(Pictures with short captions)
--- START ---

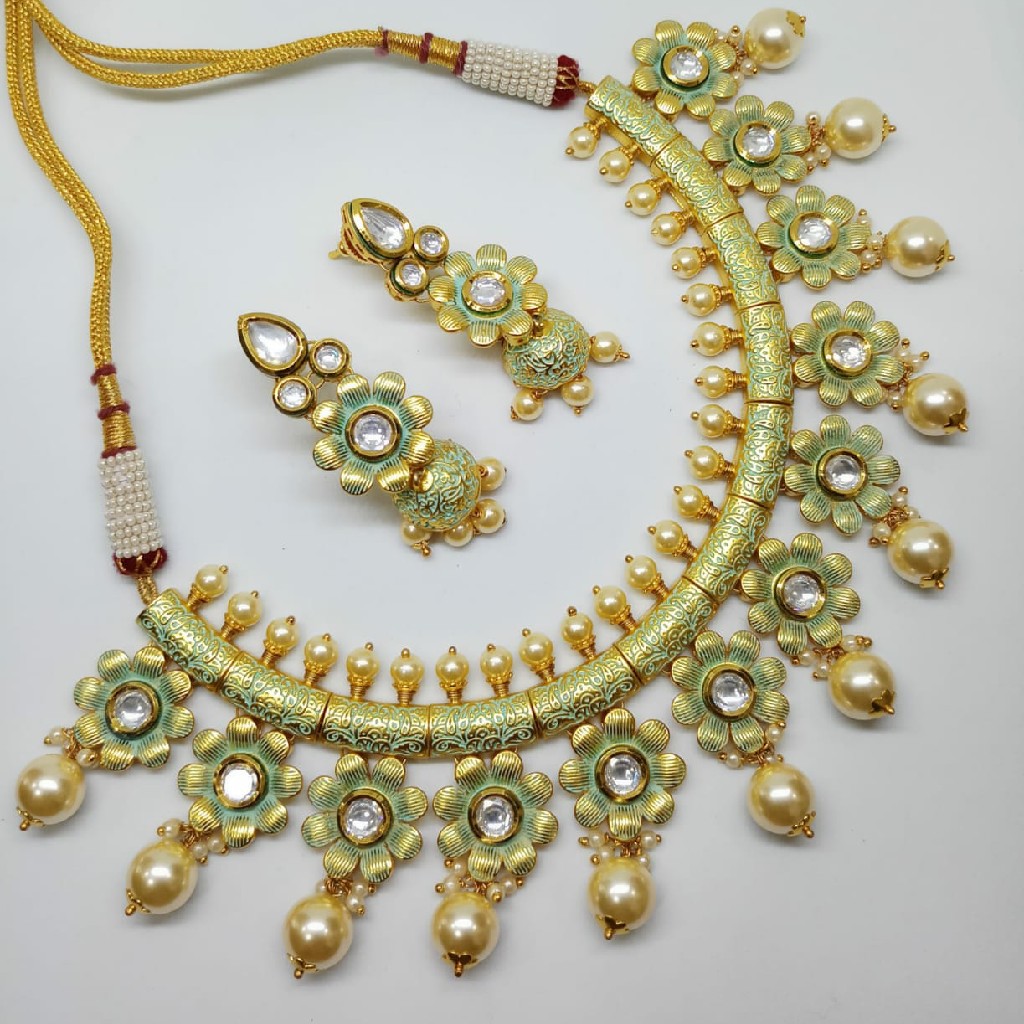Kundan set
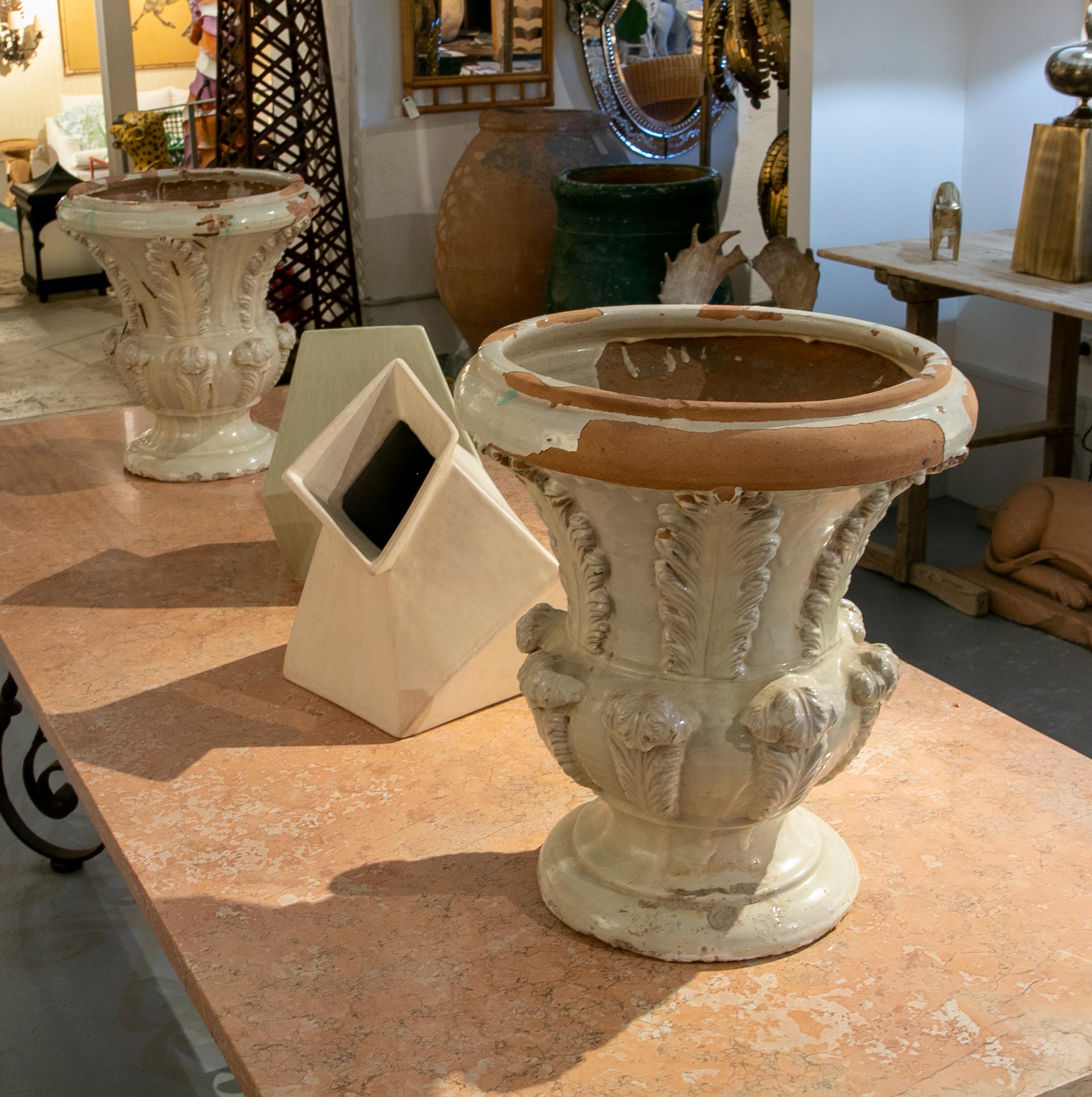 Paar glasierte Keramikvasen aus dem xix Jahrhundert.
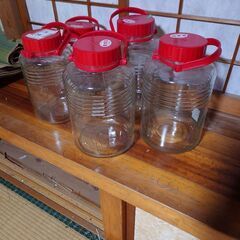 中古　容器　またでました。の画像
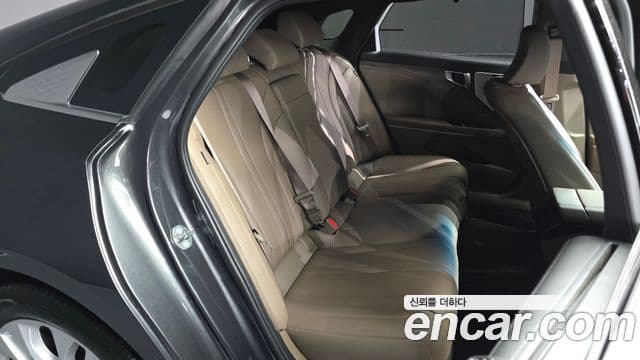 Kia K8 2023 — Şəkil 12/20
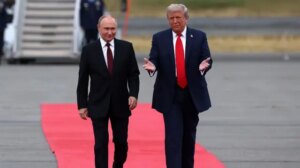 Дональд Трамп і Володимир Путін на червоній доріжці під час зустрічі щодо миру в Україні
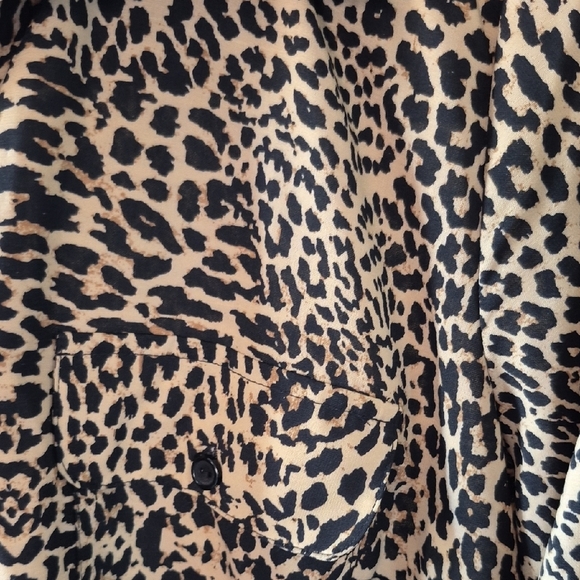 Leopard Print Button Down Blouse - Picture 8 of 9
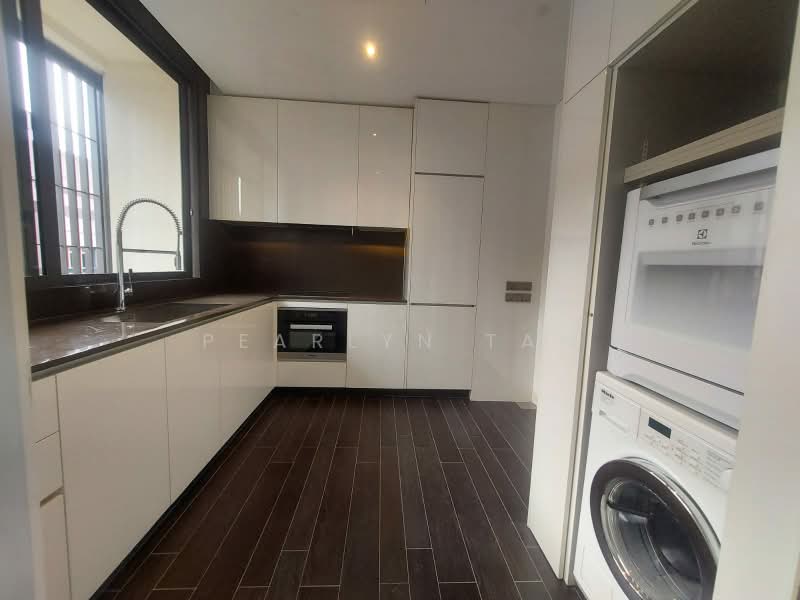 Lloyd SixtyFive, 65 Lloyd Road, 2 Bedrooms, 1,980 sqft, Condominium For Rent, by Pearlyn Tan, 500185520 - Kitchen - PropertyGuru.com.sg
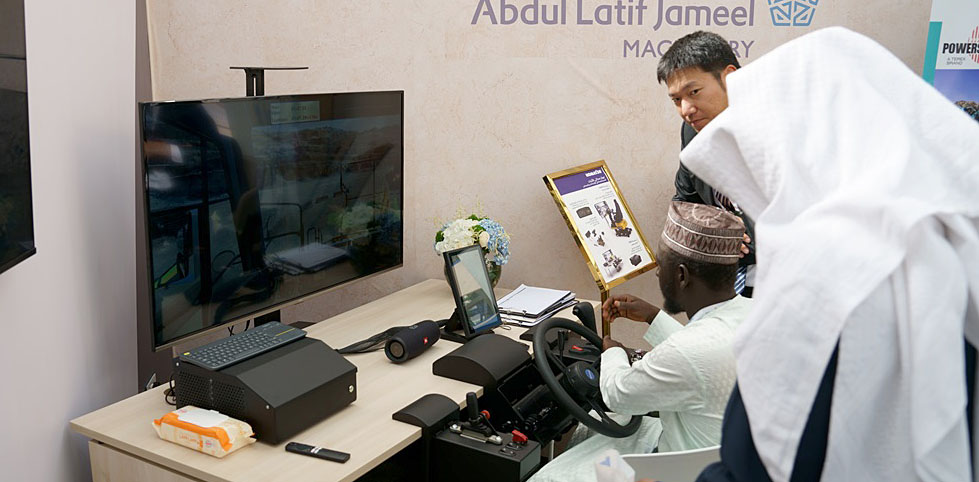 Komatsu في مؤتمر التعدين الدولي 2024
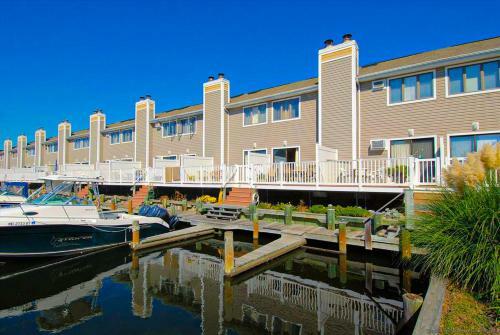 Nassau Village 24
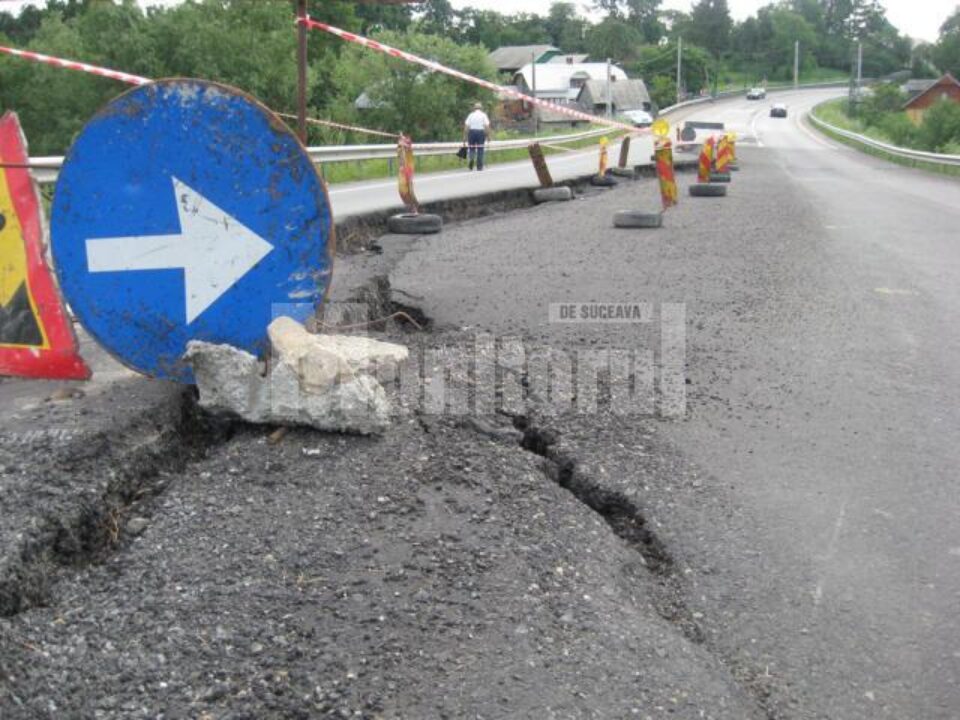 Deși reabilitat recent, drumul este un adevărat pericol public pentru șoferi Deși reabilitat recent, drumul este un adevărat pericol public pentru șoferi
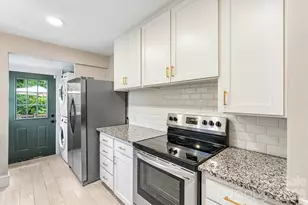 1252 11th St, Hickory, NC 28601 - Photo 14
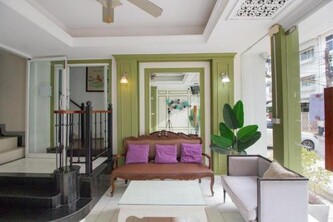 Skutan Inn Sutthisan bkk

--- END ---

Exercise brief: Among the lines above, the one with "Дональд Трамп і" opens the part to repeat and the one with "Leopard Print Button" closes it; repeat only that part exactly, with no pictures.

Answer to this task:
 Дональд Трамп і Володимир Путін на червоній доріжці під час зустрічі щодо миру в Україні
 Leopard Print Button Down Blouse - Picture 8 of 9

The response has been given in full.